Le parole possono fare magie. Con quelle giuste puoi ispirare le persone, puoi letteralmente trasformare la realtà e rendere qualsiasi business un business straordinario. Con quelle sbagliate, puoi rovinare tutto. Purtroppo, troppo spesso le usiamo senza rendercene conto. Abituati da un certo tipo di educazione, ogni giorno parliamo e agiamo secondo strutture mentali che spesso ci fanno sbagliare, rendendo la nostra vita complicata". Ed è qui che entra in gioco Paolo Borzacchiello fra i massimi esperti di intelligenza linguistica applicata al business. Da oltre quindici anni si occupa di studio e divulgazione di tutto ciò che riguarda le interazioni umane e in particolare modo il linguaggio. È tra i più quotati trainer e speaker nel mondo della comunicazione efficace e della vendita ed è il direttore di HCE University. Ogni anno forma migliaia di persone in aula e segue aziende, imprenditori e manager in tutto il mondo. Dopo studi, ricerche e approfondimenti, e oltre quindici anni di esperienza diretta sul campo, ha creato HCE, Human Connections Engineering, la disciplina che studia il modo in cui gli esseri umani comunicano, pensano e interagiscono, e ne decodifica gli schemi e i processi per poterli modificare o replicare. Per promuovere la ricerca nel campo delle interazioni umane ha fondato HCE Research Institute.

Tutte questo per divulgare l’importanza della scelta delle parole corrette da usare che possono letteralmente cambiare in maniera concreta la nostra vita. “L'importante è che le persone capiscano che le parole vanno scelte con cura perché influenzano i nostri comportamenti -racconta durante la nostra intervista - Citando George Lakoff -continua - stiamo attenti a quello che diciamo, perché in un modo o nell'altro diventa vero, quindi menzionare qualcosa ne rinforza la presenza. Parlare di una cosa la fa diventare vera nel cervello delle persone. Finché io non pronuncio la parola "elefante", le persone non ci pensano, ma appena inizio a parlarne ecco che l'animale viene visualizzato. Anche negare un frame ha l’effetto contrario: se io dico: "Non pensare ad un elefante", è la prima cosa a cui si pensa. Bisogna far attenzione alle negazioni e soprattutto privilegiare parole che producano nel cervello concetti che sono universalmente considerati come buoni.
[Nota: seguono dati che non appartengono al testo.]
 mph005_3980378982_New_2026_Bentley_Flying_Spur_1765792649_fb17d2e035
Queste si chiamano "Metafore incarnate" di cui Lakoff è uno dei maggiori esperti, e quindi esprimersi con parole cose che hanno a che fare con la luce, con il buono con il caldo con l'altezza. Nel cervello umano ad esempio, la parola “su” è collegata con l'idea di buono, mentre l'idea di “giù” è considerata negativa. Il concetto di Luce, e qui ancora una volta mi riporto ai primi studi di Lakoff, è positivo. Quello di Buio è negativo e così via. Già scegliere parole così, ti permette di stare meglio, di produrre un cocktail ormonale funzionale al raggiungimento dei tuoi risultati e di ispiare le persone”.
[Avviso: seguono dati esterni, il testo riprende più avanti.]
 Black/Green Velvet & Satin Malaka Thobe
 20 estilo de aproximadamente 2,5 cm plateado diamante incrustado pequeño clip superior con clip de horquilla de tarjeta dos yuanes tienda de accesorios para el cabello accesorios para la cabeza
Si capovolge un po’ il concetto di “verba volant”, perché a questo punto, le parole hanno un peso reale nelle azioni delle persone…

“Esattamente. Molte persone sanno a livello intuitivo che le parole sono importanti, ma pochissimi comprendono quanto, nel senso che le parole creano letteralmente delle immagini nel nostro cervello e influenzano quindi la chimica del nostro corpo e addirittura modificano i nostri comportamenti e le nostre scelte. Quindi saper usare le parole in modo appropriato ci permette da un lato di stare molto meglio e dall'altro di influenzare in modo positivo le interazioni di cui siamo ogni giorno protagonisti, proprio perché la parola determina di fatto un cambiamento di comportamento”.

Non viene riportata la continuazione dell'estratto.